Optimize Your AWS Data Lake with Data Enrichment and Smart Pipelines
As an engaged member of the AWS community, we’re always on the lookout for new technologies and software tools that can help our customers succeed in their AWS data lake initiatives.
During the most recent AWS Re:Invent conference in Las Vegas, we had the opportunity to engage directly with AWS partners, customers, and other technology companies operating in the AWS ecosystem.
That’s where we discovered StreamSets, a modern DataOps Platform helping customers build resilient data pipelines to enrich enterprise logs and other data before ingesting it into their data lake(s). After learning more about smart data pipelines and data drift detection, we saw StreamSets as a complementary solution for ChaosSearch - a tool that could help our customers optimize how they get data into AWS before indexing and analyzing it with ChaosSearch.
In this week’s blog, we’re taking a closer look at StreamSets data integration technology and how our customers can benefit from using StreamSets with ChaosSearch to power data enrichment and analytics on AWS.
Read: 10 AWS Data Lake Best Practices
Enterprises Struggle to Make Sense of Big Data
Enterprise data is exploding in size and complexity, with businesses capturing logs and other data from hundreds of sources (e.g. operating systems, microservices, applications, mobile devices, cloud services, etc.), in structured, unstructured, and semi-structured formats (JSON, LOG, CSV, etc.).
With enterprise data growing rapidly, there’s a huge opportunity for companies to transform the data they’re producing into actionable and timely insights that can inform business decision-making.
But here’s the problem:
Today’s analytics solutions - including data warehouses and data lakes - simply weren’t built to handle the scale of data that organizations are generating in 2022. As data scales up, data engineers get bogged down by time-consuming ETL and pipeline maintenance.
Data lakes often turn into data swamps where data is stockpiled with no way to make use of it. Data that can’t be analyzed due to high costs is often discarded, its value wholly lost.
ChaosSearch Delivers Data Lake Analytics at Scale
ChaosSearch was designed to solve data lake analytics at scale, leveraging public cloud architecture to fulfill the true data lake promise of cost-optimized data storage, easy data ingest, schema-on-read, and on-demand, multi-model data access.

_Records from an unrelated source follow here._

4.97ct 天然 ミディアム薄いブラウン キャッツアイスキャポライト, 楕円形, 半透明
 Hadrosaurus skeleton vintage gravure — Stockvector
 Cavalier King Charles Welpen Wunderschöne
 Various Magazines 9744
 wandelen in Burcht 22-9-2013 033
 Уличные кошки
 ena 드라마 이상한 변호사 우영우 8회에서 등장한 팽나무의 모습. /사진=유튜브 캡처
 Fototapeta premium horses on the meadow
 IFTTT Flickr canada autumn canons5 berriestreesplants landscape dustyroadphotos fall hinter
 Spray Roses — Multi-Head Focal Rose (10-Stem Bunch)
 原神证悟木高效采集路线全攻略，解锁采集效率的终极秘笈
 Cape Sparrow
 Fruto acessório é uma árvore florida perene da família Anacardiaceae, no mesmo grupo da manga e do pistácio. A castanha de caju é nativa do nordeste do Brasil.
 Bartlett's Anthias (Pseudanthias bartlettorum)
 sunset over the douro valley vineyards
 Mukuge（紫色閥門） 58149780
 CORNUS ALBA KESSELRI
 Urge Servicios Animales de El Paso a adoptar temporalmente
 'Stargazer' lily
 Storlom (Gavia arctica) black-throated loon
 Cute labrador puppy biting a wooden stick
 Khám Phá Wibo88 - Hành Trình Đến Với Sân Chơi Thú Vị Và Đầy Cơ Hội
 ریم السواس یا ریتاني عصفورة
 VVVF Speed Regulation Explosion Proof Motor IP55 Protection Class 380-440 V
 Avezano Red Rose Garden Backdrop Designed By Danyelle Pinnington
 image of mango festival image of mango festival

The ChaosSearch cloud data platform sits on top of Amazon S3, transforming your public cloud storage into a hot data lake for analytics in the cloud. As your data moves into Amazon S3, our proprietary Chaos Index® technology indexes it for multi-model access (i.e., full-text search, SQL queries, and machine learning) with up to 95% compression.
Once data is indexed, you can create virtual views by cleaning, preparing and transforming your data with the Chaos Refinery®. Virtual views can be turned into visualizations and dashboards using Kibana, which is natively included with ChaosSearch, and it all happens without data movement or ETL processing.
To start using ChaosSearch, our customers need to get their data into cloud object storage such as Amazon S3. We’ve emphasized Elasticsearch replacement and log analytics as early use cases for our platform, so many of our customers use tools like LogStash and Fluentd to move log data into Amazon S3.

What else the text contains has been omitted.